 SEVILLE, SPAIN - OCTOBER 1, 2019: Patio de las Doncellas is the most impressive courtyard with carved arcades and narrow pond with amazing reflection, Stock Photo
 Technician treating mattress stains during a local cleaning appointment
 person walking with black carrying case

=======

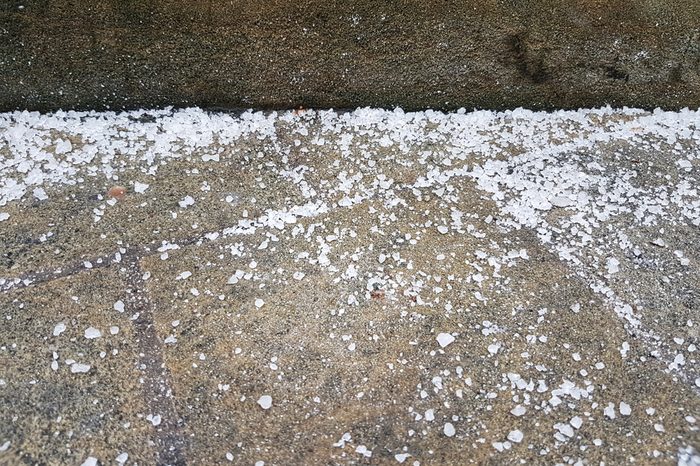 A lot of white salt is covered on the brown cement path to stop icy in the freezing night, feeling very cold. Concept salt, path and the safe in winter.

=======

What needs to be done
Extract exactly and only the lines above from the line containing "SEVILLE, SPAIN - OCTOBER" through the line containing "person walking with black carrying case", both end lines included.

Exercise response
 SEVILLE, SPAIN - OCTOBER 1, 2019: Patio de las Doncellas is the most impressive courtyard with carved arcades and narrow pond with amazing reflection, Stock Photo
 Technician treating mattress stains during a local cleaning appointment
 person walking with black carrying case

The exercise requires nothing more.